Secondly the operators are going to have to look at each GPP individually because advisers have typically designed the scheme’s options on a bespoke basis. This is going to mean a lot of work for operators working through all their workplace GPPs and presumably designating each one a “qualifying scheme” or not. Ouch!
Thirdly, and this is where the DWP looks very joined up with the FSA, many advisers are going to have to accept changes in their relationship with the sponsor and the operator if they are going to have an ongoing role with the GPP as a qualifying scheme. The paper refers to the FSAs Treating Customers Fairly guidelines but there’s also the lurking presence of the Retail Distribution Review in the background. Both Government initiatives are pointing advisers away from AMC funded advice and towards direct fees. This is a big ouch for advisers.
The adviser’s role is marginalised throughout the guidelines on implimentation, ongoing governance and communication. Again and again the document refers to the operator’s repsonsibilities, only in the selection of the default option (from a range of options supplied by the operator) is the intermediary’s role mentioned.
It looks as if the purpose of this consultation is to ensure that GPPs provide a default option that can demonstrably compete with the Personal Account equivalent and that the insurers are required to keep the default option up to scratch. It’s a pretty brutal document which will bring little comfort to many advisers and will no doubt get current GPP providers thinking very hard about their strategy post 2012.
A final thought- where does this leave occupational DC schemes?
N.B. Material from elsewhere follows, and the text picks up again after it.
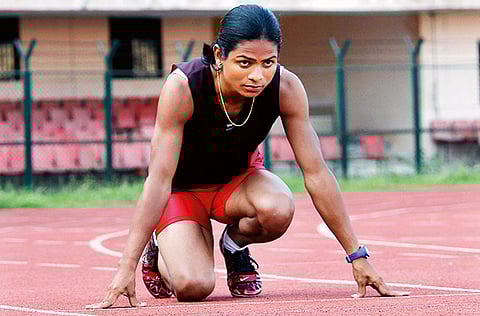 Dutee Chand, the Indian sprinting ace, has been laid low due to lack of competitions during the lockdown for the pandemic.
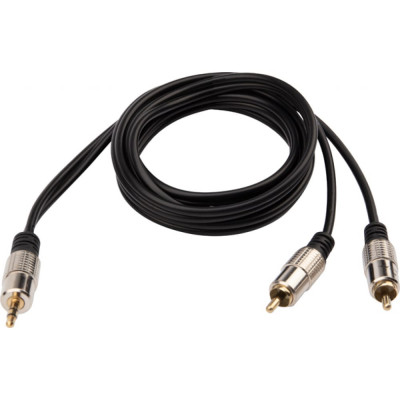 REXANT Шнур Стерео 3,5 мм - 2RCA, 1,5 м, Gold-металл 17-4222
The consultation paper asks whether their defaults should be subject to similar governance. The paper however has excluded them because they operate in a “different way”. Occupational Schemes have their own trustees (like Personal Accounts). There appears to be an assumption that their defaults will be well governed. There are of course a great number of occupational schemes that are well governed and tick all the paper’s boxes. Many are well governed but offer expensive defaults- especially those switching to DGFs. Some are poorly governed, offer high AMCs and are unsuitable for their members. I would be suprprised if the Pension Regulator does not take up the cudgels but suspect that occupational schemes will not be subject to quite the controls suggested in this paper. Anyone got a MasterTrust?